My favorite Claessen pigeon is posted on another thread so I can't post the photo on two different threads. 

This pigeon has both a very distinguished racing and breeding career. As a racer he was the fastest of 70,000 pigeons.
As a breeder he is a base to generations of super stars. His son was sold at the final auction for 110,000 Euro's. 

http://www.pigeons.biz/forums/showpost.php?p=410742&postcount=16


----------



## g0ldenb0y55 (Dec 23, 2008)

Tim's Tumblers said:


> This is a close 2nd...
> 
> Almond Cock West...


Your tumblers are beautiful.


----------



## Pigeon0446 (Apr 22, 2007)

g0ldenb0y55 said:


> I use Photoshop CS4 for all my compositions. There's no other tool like it! There are many ways to crop out a subject from a background in photoshop. I mainly use the a combination of the Lasso Tools and the good old eraser tool for finer details. A trick if you're the one doing the photography on the birds is use a solid back ground. You can then use a tool called "magic eraser" and knock out the background color in one shot. It wont be completely perfect but it'll be close. Then just clean things up with the eraser tool.
> 
> How about that for a free tutorial...


Thanks for the info. Next time I'm in the mood to make one of them it'll save me alot of time. Thanks Again.


----------



## g0ldenb0y55 (Dec 23, 2008)

Pigeon0446 said:


> Thanks for the info. Next time I'm in the mood to make one of them it'll save me alot of time. Thanks Again.


No prob.


----------



## TerriB (Nov 16, 2003)

What flashy birds - the colors really pop out!


----------



## dvtlegend (Oct 20, 2007)

You can say this is my Favorite, as it was my first Expensive bird I purchased.

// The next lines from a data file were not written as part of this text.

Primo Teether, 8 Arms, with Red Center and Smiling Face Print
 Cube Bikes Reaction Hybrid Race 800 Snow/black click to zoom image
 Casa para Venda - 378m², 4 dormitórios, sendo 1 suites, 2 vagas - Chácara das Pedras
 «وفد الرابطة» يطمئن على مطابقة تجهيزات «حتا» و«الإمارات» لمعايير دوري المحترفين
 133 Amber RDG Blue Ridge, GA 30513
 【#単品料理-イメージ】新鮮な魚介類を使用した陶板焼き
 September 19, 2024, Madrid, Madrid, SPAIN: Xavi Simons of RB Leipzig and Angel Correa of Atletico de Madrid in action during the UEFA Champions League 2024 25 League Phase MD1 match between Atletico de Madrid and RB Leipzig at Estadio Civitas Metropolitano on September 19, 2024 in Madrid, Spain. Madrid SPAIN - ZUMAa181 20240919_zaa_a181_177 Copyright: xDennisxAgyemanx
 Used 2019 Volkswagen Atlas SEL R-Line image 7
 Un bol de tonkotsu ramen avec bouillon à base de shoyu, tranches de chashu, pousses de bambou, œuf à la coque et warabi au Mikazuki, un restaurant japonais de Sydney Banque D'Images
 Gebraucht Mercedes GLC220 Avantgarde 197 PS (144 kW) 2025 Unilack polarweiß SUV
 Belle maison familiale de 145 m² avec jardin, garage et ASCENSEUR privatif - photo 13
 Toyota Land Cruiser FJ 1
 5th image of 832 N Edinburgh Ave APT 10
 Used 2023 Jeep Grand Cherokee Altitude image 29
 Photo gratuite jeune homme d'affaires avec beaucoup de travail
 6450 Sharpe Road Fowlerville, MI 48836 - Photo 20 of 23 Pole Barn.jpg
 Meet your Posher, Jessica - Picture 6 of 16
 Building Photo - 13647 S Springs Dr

Last bird Acquired , son of the bird above. Has bred winners 










heres one of my favorite to see in the loft. Gr. son of avenger


----------



## g0ldenb0y55 (Dec 23, 2008)

Nice birds! That middle one is a fatty! Looks like a big bird.


----------



## RodSD (Oct 24, 2008)

These are my favorites (because they are tame):


----------



## SouthTown Racers (Jan 14, 2009)

This hen produced 3 first place club winners with 3 different cock birds last young bird season!


----------



## Lickfork (Feb 1, 2010)

We found this bird lying on his side on a rooftop in 1996(the year we started racing). He was missing two toes and was serverly dehydrated. Even in that condition he handled better than anything we had in the loft at that time. We located his owner who told us he was a Sion from a family he had been breeding and winning with since the sixties. He said if we liked him we could keep him and he even sent us his pedigree. This bird went on to be the foundation of my Sion family. He is now fifteen years old and healthy although he hasn't filled an egg in three years. We have a loft full of his children and grandchildren.


----------



## Lickfork (Feb 1, 2010)

This hen is a granddaughter to MR. Maryland posted earlier. She was not raced as a young bird but trained to 100 miles. As a yearling I tossed her with the rest of the team at 100 miles one sunny morning only to hit a storm half way home. When we got home 1453 was the only bird in the loft and she was soaked. She had flown through the storm to beat us home. We didn't get another bird for over four hours. That season she placed on a 300 and a 400 on back to back weekends and I decided she had proven herself and stocked her.


----------



## Lickfork (Feb 1, 2010)

This is a De Klak hen. She accomplished her wins even though she was trap shy and refused to trap until another bird did. On the last race of the 2000 Tripple Crown Series she sat in a tree for thirty minutes until another bird came in. She got beat for the Tripple Crown average by less than twenty ypm.


----------



## Lickfork (Feb 1, 2010)

*One more!*










This was one tough bird. He was scalped as a youngster which is why he is so ugly. I am currently developing a family of blacks based on this guy.


----------



## Melsloft (Apr 27, 2007)

*Pic*

awesome Van loons!!!!!!!!!!!!


----------



## seanG (May 30, 2009)

that is a really nice eye on mr. maryland and great story about him too


----------



## Guest (Feb 27, 2010)

Lickfork said:


> We found this bird lying on his side on a rooftop in 1996(the year we started racing). He was missing two toes and was serverly dehydrated. Even in that condition he handled better than anything we had in the loft at that time. We located his owner who told us he was a Sion from a family he had been breeding and winning with since the sixties. He said if we liked him we could keep him and he even sent us his pedigree. This bird went on to be the foundation of my Sion family. He is now fifteen years old and healthy although he hasn't filled an egg in three years. We have a loft full of his children and grandchildren.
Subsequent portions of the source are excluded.